I disagree with the statement that the problem isn't the code. I'm sure the code is working correctly as designed, though. 🙂

Ahh, I see. When I say it's not a problem in the code, I mean it's not a bug. The worst you could say is that it's a lack of a feature. (That feature being a workaround for people with bad connectivity.) I am of course fully aware that the presence of an IPv6 address does not guarantee IPv6 connectivity. Anyone that thinks it does just doesn't understand networking at all.

Whether or not I should feel compelled to build a workaround into vPilot is a subjective matter. I generally make calls like that based on the percentage of the user base that is affected and the "cost" of implementing the workaround, in terms of my time, time which may be better-spent elsewhere.
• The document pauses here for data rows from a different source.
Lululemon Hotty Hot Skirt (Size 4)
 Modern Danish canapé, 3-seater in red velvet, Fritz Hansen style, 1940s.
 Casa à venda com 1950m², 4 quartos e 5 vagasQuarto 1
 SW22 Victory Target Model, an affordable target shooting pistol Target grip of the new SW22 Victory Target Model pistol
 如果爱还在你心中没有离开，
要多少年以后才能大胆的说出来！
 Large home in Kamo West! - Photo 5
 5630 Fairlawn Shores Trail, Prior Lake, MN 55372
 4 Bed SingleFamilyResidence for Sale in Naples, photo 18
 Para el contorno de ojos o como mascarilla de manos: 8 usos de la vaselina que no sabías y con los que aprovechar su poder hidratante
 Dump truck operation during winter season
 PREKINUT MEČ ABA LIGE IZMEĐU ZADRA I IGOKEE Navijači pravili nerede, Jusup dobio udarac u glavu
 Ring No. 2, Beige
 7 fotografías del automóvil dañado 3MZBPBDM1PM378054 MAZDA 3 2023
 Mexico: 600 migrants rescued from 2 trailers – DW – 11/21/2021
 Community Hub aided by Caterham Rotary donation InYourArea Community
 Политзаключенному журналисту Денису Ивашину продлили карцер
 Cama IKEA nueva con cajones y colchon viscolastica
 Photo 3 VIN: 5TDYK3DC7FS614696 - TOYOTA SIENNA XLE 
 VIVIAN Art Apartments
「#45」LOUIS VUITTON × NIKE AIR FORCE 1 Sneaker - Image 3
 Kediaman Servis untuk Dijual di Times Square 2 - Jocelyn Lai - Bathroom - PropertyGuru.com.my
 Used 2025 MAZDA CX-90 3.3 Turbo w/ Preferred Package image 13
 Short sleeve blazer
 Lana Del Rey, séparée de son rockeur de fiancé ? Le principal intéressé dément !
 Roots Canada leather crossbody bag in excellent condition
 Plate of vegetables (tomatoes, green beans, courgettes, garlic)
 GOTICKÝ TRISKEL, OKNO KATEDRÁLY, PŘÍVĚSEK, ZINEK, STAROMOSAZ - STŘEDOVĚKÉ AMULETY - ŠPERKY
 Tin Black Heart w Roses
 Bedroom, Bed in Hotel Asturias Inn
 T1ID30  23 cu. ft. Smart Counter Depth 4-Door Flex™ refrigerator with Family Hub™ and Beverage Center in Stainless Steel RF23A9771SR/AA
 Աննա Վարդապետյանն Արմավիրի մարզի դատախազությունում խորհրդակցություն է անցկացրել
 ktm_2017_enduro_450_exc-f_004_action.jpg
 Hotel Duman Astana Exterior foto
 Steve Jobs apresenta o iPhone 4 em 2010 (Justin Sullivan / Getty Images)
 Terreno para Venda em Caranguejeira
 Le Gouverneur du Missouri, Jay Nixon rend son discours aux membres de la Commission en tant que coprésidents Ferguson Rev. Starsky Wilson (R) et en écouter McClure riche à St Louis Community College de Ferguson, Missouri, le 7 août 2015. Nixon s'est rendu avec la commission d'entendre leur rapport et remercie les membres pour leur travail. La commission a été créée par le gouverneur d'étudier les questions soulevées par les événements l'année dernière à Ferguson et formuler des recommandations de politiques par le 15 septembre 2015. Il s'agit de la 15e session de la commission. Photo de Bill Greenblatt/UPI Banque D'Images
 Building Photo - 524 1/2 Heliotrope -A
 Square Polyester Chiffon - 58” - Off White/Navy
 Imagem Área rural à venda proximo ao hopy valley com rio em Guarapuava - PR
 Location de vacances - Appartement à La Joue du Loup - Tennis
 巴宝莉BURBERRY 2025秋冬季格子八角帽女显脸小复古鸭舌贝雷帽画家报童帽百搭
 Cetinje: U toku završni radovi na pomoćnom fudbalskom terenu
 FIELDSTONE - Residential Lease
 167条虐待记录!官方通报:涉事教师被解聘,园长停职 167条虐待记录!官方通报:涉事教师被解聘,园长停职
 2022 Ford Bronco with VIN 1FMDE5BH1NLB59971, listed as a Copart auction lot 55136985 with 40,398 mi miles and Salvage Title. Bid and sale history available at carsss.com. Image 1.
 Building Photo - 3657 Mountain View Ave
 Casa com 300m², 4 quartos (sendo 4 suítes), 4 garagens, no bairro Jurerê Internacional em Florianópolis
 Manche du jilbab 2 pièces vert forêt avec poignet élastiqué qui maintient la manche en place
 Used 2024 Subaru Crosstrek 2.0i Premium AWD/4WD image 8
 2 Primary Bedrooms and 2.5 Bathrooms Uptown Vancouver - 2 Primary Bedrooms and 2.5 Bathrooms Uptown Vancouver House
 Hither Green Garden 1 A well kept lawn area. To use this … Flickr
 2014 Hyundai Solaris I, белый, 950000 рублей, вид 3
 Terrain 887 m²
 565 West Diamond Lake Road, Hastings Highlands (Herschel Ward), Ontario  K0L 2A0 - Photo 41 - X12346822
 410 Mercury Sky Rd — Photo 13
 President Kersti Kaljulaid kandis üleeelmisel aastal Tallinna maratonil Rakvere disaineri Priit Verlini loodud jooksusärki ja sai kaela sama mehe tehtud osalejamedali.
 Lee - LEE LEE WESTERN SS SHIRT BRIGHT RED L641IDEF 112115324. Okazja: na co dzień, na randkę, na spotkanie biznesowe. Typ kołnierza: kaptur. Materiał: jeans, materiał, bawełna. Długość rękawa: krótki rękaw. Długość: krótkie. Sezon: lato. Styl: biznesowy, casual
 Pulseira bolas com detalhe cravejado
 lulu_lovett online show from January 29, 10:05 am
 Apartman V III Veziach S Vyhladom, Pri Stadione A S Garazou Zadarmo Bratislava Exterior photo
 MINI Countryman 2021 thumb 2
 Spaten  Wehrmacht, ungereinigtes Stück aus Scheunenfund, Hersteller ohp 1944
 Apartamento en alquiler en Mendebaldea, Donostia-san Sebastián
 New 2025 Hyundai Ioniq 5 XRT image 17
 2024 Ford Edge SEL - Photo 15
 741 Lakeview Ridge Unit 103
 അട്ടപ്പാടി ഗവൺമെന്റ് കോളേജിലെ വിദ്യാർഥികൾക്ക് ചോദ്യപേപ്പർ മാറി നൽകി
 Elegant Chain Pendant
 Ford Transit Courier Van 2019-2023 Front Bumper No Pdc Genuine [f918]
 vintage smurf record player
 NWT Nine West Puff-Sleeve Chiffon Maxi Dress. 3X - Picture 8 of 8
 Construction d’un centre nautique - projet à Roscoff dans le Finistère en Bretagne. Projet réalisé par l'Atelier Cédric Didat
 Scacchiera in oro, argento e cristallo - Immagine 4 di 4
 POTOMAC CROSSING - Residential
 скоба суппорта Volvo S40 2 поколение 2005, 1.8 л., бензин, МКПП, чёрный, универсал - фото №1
I think in this case, the number of affected users is small but not insignificant, and the cost of adding the workaround is pretty low. I've already written some rough code that fetches all the DNS addresses, picks one of the v4 addresses at random, and builds the HTTP request manually, using that address, and a Host: header. It works in my basic testing. I'm thinking I can do the regular call first, with a relatively short timeout, and if that times out, I can try the v4-only call. I think I'd prefer that over doing an ICMP check, because lack of ICMP response does not necessarily mean IPv6 will fail for the HTTPS connection. (I really wish Fast Fallback (aka "Happy Eyeballs") was built into the .NET HttpClient, but it's not, yet. I assume that's the algorithm Chrome uses.)